Thursday, March 15, 2012

A Perfect Day and a Far From Perfect Ride

I've been to the barn more this week than I have for the past several weeks, and yet I'm sure that I've actually spent less time in the saddle than in previous weeks!

Sparky is way out of shape and quite pudgy (my new favorite nickname for him is "Pudge," which I extra-like, because it's also a name for mashed potatoes, which I also love), so I've been trying to spend some time in the rather-hilly back pasture doing my version of "trot and canter sets."  This really just means that because I don't own a watch, we trot around the perimeter a few times, canter around then perimeter a few times, and then reverse and repeat.  We get the benefit of a big area to maintain our pace for a longer period, as well as the added effort from the hills and dips.

Since it was a perfect day weather-wise, I decided it would be a good day to go out to the back pasture.  We did this last week, and it went well.  The one change I made was to shorten my stirrups a hole - they felt a little long last week.

We head out to the pasture, and started out at a walk around the perimeter.  After completing one circuit, we moved up into a trot.  As we came by the trees, Sparky started to get a little "looky."  I remembered that the neighbors have cows and assumed that Sparky was just hearing them, but worried because he couldn't see them.  I mentally shrugged and thought, "No big deal.  He's seen cows before - he'll be fine."

We passed the treed area and move along our fenceline to where it paralleled the clearing in the neighbor's pasture... oh!  Here are the cows!  Sparky was still acting a bit spooky, so after we passed by, I brought Sparky back to a walk, with the intent of walking by the cows again.  It seemed it might be okay, but then one of the cows (calves, really) cantered up to the fenceline!

Thoroughly convinced that the zombie calf wanted to eat Sparky's brains ('cause they're so big, you know), Sparky politely tried to excuse himself from the situation through all means of attempted bolting, spinning, backing, hopping, and popping up in front.  I had him well enough in hand that he didn't actually run off, but I knew that I also did not want to stay on him.  Convinced he was about to be zombie-fied, it took a minute to settle Sparky enough for me to dismount.

My smart thought upon dismounting: unbuckle the reins.  I knew I would have more control over Sparky if I brought the reins back over his head, rather than leaving them around his neck as I usually do... but for some reason, unbuckling the ends seemed like a good idea.

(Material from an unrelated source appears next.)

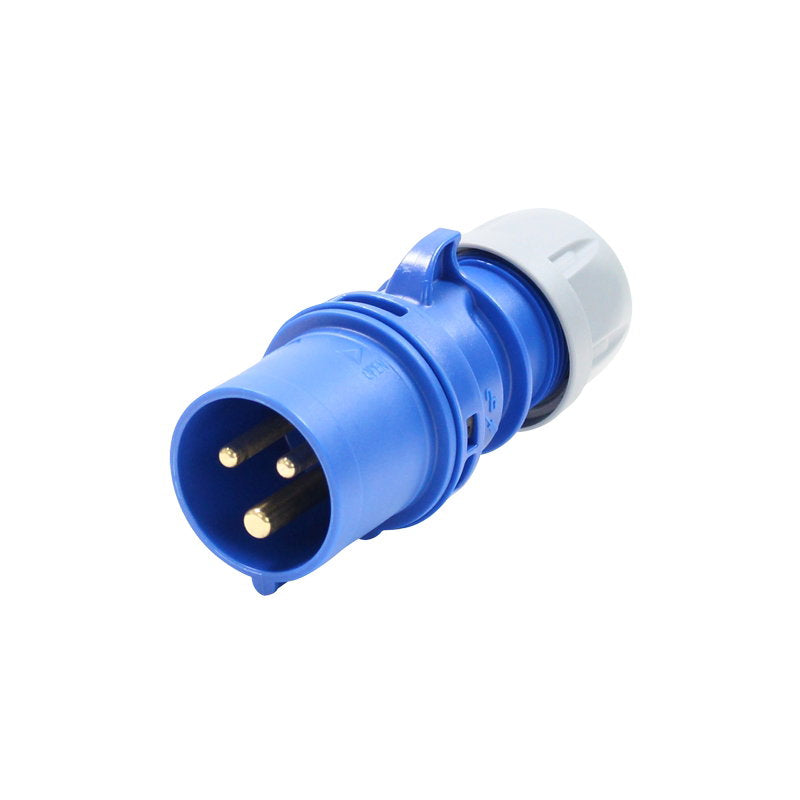 PCE 16A 230V 2P+E Plug (013-6) - Alternate View 1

I worked on the ground with Sparky for a while, trying to convince him that the cows really were not going to harm him.  Poor Sparky was literally terrified - every single muscle was tense, he was puffed up, blowing, shaking, snorting, and soaked with sweat.  Poor guy!  A few times he relaxed just enough to try to reach down and take a bite of grass, but as he rustled leaves and made noise, he scared himself again!

Eventually, Sparky started to calm down some, and tried to grab a bite of grass again.  But then, horror of horrors, one of the zombie cows (again, calves, really) came  running up to the fenceline again.  That was enough for Sparky.  He said, "Fuck this shit!  I'm outta here!" and took off.  I suppose I could have tried to hold him, but really, what was the point?  I'm brave, but I'm not stupid (I don't think, anyway...).  As Sparky ran off, I yelled to him to not break anything.  And I set off, at a much slower pace, across the many (15?) acre pasture back towards the little barn to retrieve my pony.

As I got close, I saw that there were no longer reins dangling from the bit... nay, there was no bit!  So much for my warning to not break anything.  Of course, for probably the first time ever, there are no spare halters by the barn with which to catch my horse, but then I spotted a random few straps laying on the ground.  So I walked over to those, thinking it would work for now to lead Sparky back to the main barn.  As I got closer, I realized that those straps were not so random after all.  Oops.  Reins - check.  Bit - check.  Cheek pieces - check.  Headstall - headstall?!?  *Sigh*

Who would have thought a cow (calf) could be so terrifying?